WORK ITEM> Locate the line that contains "Set 2 Huse pentru". Print it and each following line through the end of the listing, verbatim, and nothing more.

RECORDS SUPPLIED>
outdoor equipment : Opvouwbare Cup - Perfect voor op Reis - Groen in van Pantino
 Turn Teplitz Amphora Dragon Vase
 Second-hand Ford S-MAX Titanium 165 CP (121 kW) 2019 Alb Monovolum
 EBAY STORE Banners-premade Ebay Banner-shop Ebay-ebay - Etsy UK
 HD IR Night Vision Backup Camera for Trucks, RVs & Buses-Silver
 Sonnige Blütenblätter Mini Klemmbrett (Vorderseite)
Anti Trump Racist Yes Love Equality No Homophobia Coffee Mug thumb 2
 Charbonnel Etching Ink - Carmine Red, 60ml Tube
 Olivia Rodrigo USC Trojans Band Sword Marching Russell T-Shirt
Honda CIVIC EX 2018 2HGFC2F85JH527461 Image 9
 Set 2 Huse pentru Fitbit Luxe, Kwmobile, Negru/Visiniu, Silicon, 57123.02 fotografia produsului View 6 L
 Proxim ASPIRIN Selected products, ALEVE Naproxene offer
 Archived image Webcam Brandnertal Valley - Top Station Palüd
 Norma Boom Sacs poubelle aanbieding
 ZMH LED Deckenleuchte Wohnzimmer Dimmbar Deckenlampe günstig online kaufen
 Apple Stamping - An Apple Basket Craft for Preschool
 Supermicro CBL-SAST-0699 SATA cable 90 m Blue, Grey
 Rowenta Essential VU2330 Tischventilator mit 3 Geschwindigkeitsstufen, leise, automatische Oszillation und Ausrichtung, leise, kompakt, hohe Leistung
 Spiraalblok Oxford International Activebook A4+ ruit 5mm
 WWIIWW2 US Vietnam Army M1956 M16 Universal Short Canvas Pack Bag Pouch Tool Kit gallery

TASK ANSWER>
 Set 2 Huse pentru Fitbit Luxe, Kwmobile, Negru/Visiniu, Silicon, 57123.02 fotografia produsului View 6 L
 Proxim ASPIRIN Selected products, ALEVE Naproxene offer
 Archived image Webcam Brandnertal Valley - Top Station Palüd
 Norma Boom Sacs poubelle aanbieding
 ZMH LED Deckenleuchte Wohnzimmer Dimmbar Deckenlampe günstig online kaufen
 Apple Stamping - An Apple Basket Craft for Preschool
 Supermicro CBL-SAST-0699 SATA cable 90 m Blue, Grey
 Rowenta Essential VU2330 Tischventilator mit 3 Geschwindigkeitsstufen, leise, automatische Oszillation und Ausrichtung, leise, kompakt, hohe Leistung
 Spiraalblok Oxford International Activebook A4+ ruit 5mm
 WWIIWW2 US Vietnam Army M1956 M16 Universal Short Canvas Pack Bag Pouch Tool Kit gallery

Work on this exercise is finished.